◆ **To do**:
Among the entries below, one line contains "Volkswagen Golf VII" and another contains "Zara heeled sandals". Transcribe those two lines and every line between them, exactly.

◆ **Records for this exercise**:

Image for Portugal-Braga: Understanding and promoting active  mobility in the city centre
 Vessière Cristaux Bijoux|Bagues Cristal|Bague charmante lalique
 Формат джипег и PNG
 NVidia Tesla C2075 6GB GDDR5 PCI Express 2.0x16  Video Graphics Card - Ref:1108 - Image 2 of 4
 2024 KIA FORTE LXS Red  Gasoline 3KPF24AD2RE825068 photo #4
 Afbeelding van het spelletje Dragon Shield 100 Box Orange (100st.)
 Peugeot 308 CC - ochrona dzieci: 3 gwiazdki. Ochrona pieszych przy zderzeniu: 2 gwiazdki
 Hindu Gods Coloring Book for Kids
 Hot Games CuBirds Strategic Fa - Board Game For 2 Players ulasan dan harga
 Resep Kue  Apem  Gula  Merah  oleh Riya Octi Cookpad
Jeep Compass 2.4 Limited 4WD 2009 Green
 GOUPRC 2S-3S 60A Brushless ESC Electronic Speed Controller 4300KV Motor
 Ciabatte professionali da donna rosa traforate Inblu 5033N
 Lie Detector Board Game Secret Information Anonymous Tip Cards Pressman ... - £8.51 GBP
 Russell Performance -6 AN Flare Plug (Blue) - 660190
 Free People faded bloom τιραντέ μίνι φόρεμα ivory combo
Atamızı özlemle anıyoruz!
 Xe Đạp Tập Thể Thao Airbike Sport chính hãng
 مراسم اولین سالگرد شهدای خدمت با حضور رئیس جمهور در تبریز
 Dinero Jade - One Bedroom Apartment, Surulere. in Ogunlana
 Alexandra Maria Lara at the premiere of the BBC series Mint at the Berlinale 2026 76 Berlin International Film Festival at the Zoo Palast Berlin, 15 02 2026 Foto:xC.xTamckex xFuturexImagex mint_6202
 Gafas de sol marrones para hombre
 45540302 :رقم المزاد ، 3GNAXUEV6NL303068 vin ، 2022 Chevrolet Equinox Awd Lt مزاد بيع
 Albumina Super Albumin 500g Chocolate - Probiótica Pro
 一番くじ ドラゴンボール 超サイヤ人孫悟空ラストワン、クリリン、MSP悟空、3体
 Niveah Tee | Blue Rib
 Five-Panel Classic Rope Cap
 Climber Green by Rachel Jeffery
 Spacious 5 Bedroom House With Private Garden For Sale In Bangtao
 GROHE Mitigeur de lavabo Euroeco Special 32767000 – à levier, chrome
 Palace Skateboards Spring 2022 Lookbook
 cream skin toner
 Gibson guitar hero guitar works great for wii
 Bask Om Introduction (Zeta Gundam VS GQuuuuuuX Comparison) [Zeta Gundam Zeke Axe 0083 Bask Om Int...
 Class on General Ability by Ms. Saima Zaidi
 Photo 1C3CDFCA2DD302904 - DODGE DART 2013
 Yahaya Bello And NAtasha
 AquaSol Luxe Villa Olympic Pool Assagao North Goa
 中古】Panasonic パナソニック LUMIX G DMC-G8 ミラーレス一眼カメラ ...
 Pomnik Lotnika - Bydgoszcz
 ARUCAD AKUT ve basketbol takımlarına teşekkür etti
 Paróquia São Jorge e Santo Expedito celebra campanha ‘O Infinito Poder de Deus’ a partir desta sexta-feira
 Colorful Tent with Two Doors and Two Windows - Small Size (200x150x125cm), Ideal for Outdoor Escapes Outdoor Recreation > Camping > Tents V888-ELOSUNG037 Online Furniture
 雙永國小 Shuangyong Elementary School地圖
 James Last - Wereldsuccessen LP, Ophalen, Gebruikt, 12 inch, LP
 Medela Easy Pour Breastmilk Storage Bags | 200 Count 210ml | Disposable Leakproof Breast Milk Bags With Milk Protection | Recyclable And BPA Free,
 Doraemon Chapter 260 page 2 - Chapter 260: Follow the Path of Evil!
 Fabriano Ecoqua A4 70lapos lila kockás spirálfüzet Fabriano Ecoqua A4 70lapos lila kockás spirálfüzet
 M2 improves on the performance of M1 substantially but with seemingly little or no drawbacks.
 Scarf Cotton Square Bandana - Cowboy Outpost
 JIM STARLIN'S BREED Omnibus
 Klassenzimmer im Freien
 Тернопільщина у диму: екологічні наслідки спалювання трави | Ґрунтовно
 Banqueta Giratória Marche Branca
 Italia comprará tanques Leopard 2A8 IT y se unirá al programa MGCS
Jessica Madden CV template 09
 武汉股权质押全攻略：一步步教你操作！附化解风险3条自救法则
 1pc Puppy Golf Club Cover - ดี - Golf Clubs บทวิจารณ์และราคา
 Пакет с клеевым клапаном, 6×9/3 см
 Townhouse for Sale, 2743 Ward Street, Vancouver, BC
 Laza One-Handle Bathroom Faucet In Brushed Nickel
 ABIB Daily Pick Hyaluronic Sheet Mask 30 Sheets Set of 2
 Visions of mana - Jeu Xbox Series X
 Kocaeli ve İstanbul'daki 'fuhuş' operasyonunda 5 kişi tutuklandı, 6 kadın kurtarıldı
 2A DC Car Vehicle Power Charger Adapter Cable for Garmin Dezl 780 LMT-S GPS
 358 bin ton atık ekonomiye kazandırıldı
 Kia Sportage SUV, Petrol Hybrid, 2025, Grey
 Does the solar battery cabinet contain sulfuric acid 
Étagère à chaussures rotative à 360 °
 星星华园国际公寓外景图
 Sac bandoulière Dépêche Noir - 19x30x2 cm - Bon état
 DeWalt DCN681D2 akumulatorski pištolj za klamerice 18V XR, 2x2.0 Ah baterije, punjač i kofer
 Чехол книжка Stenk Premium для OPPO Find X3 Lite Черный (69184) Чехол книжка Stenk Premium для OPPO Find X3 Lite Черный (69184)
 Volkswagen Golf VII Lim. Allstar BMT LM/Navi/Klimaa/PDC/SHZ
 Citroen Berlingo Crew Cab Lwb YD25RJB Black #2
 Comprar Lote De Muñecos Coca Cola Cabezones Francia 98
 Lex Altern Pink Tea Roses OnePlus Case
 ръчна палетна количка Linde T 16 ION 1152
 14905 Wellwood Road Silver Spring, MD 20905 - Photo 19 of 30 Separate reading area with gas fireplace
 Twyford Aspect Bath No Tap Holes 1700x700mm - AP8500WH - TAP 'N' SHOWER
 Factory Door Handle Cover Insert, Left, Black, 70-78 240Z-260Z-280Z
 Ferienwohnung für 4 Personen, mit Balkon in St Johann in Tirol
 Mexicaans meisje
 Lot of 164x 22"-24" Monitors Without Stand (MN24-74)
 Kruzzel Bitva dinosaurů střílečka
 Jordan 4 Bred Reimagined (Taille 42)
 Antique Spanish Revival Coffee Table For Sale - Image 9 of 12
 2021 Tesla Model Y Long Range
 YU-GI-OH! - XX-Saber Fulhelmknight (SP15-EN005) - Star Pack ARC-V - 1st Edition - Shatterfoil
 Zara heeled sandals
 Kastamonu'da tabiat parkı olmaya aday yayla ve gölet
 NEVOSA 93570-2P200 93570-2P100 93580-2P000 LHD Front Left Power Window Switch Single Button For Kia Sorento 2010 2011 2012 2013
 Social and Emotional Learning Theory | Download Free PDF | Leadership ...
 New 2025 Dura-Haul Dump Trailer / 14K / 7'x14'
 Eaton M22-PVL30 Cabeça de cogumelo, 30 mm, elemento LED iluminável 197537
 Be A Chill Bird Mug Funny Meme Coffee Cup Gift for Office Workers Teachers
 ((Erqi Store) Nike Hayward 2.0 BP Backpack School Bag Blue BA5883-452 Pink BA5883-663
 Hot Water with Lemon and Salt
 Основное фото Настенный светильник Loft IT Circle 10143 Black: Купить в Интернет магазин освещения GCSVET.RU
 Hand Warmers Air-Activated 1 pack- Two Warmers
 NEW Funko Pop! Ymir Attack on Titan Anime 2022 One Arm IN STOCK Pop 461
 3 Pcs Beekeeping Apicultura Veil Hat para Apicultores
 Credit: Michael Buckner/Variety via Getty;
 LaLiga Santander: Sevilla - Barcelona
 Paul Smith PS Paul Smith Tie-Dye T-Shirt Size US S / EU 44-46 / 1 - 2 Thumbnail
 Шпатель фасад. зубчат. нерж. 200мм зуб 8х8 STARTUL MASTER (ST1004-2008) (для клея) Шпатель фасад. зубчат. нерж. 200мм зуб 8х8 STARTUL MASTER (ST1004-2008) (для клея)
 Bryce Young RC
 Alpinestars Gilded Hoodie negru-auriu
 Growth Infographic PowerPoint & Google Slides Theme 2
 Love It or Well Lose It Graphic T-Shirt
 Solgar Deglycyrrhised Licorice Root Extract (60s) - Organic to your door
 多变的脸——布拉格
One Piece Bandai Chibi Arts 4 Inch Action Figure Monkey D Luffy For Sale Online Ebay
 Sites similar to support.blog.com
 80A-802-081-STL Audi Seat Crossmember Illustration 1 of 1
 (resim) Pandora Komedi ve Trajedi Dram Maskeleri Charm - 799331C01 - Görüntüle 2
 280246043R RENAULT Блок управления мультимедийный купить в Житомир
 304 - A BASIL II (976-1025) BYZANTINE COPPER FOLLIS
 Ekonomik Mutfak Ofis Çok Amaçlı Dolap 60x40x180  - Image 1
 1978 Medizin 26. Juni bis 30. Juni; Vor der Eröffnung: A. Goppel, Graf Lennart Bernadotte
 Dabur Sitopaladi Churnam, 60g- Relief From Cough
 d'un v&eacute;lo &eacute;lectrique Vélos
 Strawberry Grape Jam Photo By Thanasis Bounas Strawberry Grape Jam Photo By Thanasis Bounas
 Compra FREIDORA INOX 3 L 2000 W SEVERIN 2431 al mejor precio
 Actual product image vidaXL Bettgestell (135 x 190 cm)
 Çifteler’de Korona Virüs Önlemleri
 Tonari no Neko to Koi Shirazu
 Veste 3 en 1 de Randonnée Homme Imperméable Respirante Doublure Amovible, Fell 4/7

◆ **Exercise solution**:
 Volkswagen Golf VII Lim. Allstar BMT LM/Navi/Klimaa/PDC/SHZ
 Citroen Berlingo Crew Cab Lwb YD25RJB Black #2
 Comprar Lote De Muñecos Coca Cola Cabezones Francia 98
 Lex Altern Pink Tea Roses OnePlus Case
 ръчна палетна количка Linde T 16 ION 1152
 14905 Wellwood Road Silver Spring, MD 20905 - Photo 19 of 30 Separate reading area with gas fireplace
 Twyford Aspect Bath No Tap Holes 1700x700mm - AP8500WH - TAP 'N' SHOWER
 Factory Door Handle Cover Insert, Left, Black, 70-78 240Z-260Z-280Z
 Ferienwohnung für 4 Personen, mit Balkon in St Johann in Tirol
 Mexicaans meisje
 Lot of 164x 22"-24" Monitors Without Stand (MN24-74)
 Kruzzel Bitva dinosaurů střílečka
 Jordan 4 Bred Reimagined (Taille 42)
 Antique Spanish Revival Coffee Table For Sale - Image 9 of 12
 2021 Tesla Model Y Long Range
 YU-GI-OH! - XX-Saber Fulhelmknight (SP15-EN005) - Star Pack ARC-V - 1st Edition - Shatterfoil
 Zara heeled sandals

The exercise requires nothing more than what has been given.